◆ WHAT TO WORK ON ◆
Write out exactly, with both ends included, the lines that run from the line containing "this 584×389 image." to the end of the entries. Pictures are not part of the answer.

◆ RAW DATA ◆
---*---

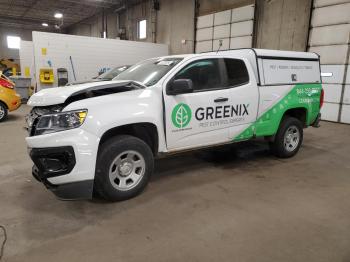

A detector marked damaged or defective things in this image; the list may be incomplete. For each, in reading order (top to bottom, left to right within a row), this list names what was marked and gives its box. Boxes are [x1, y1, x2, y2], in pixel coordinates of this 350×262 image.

broken headlight [34, 109, 87, 136]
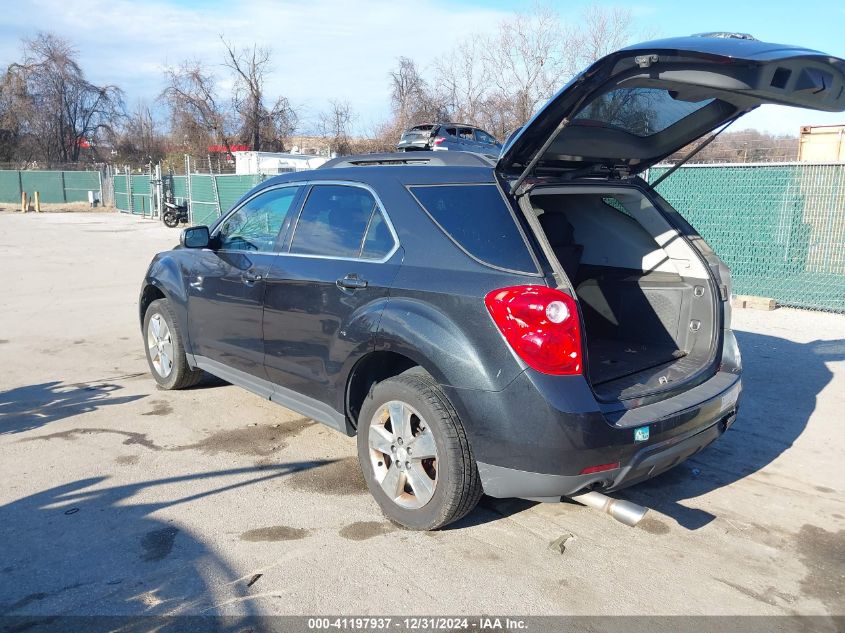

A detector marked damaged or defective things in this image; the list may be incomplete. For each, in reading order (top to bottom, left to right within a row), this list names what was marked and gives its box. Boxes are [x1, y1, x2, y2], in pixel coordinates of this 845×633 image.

asphalt patch [178, 418, 314, 456]
asphalt patch [286, 456, 366, 496]
asphalt patch [139, 524, 179, 560]
asphalt patch [239, 524, 312, 540]
asphalt patch [338, 520, 394, 540]
asphalt patch [796, 520, 840, 608]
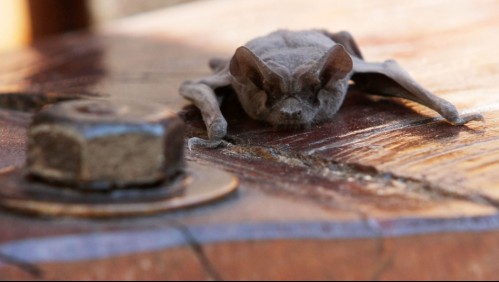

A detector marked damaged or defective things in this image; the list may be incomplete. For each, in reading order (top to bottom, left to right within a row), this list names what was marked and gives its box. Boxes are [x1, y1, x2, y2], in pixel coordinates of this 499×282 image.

rusty metal plate [0, 162, 238, 219]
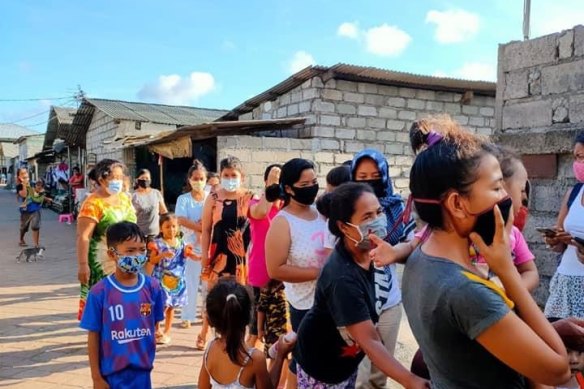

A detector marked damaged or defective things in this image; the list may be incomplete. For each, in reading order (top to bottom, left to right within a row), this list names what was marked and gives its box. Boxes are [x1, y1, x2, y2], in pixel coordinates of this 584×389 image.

rusty metal roof sheet [222, 63, 492, 116]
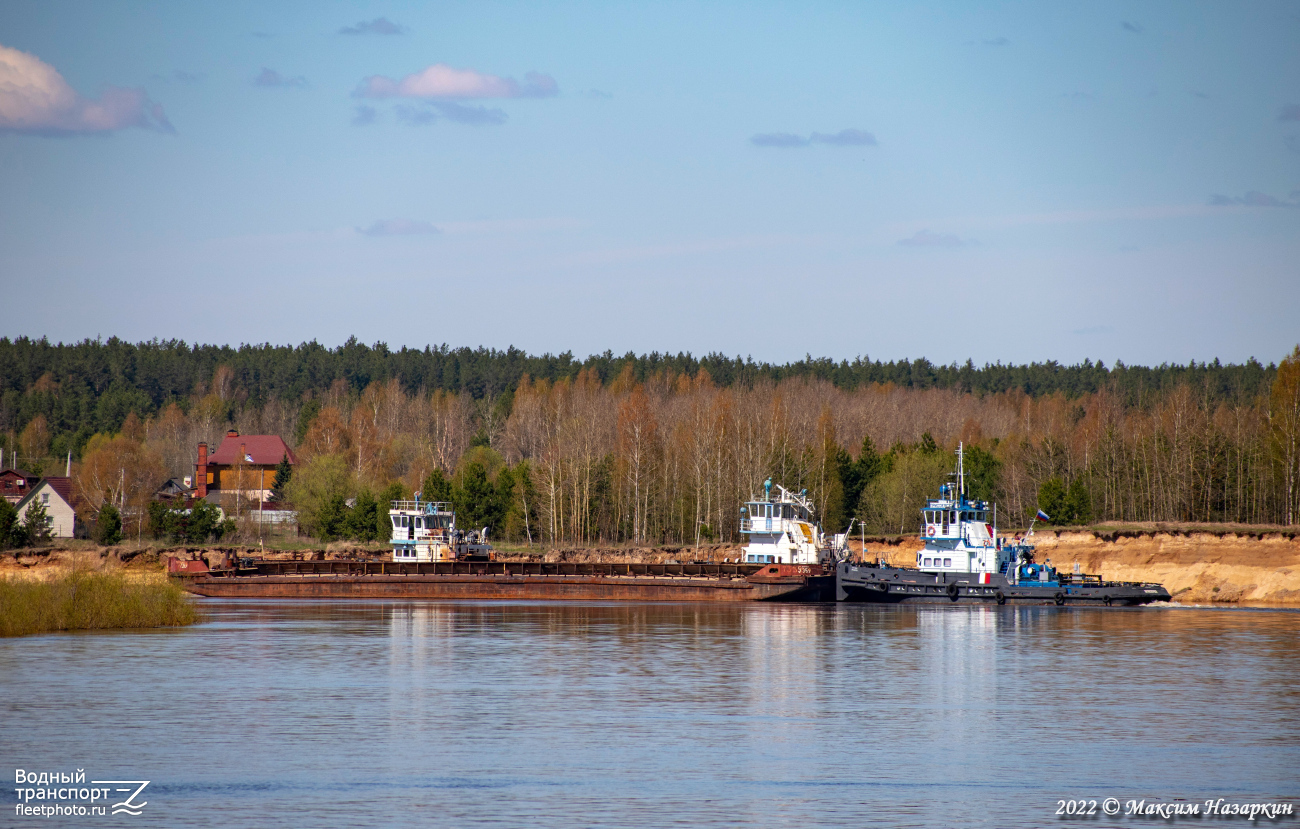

---*---

◆ ANSWER FOR THE TASK ◆
A detector marked damaged or defective things in this image; the list may be incomplete. For each, in reading order (top to bottom, left to right within a row), this list names what was marked and gives its box. Boxes are [x1, y1, x2, y2], in pixel coordinates of this 584×389 image.

rusty metal roof sheet [222, 63, 492, 116]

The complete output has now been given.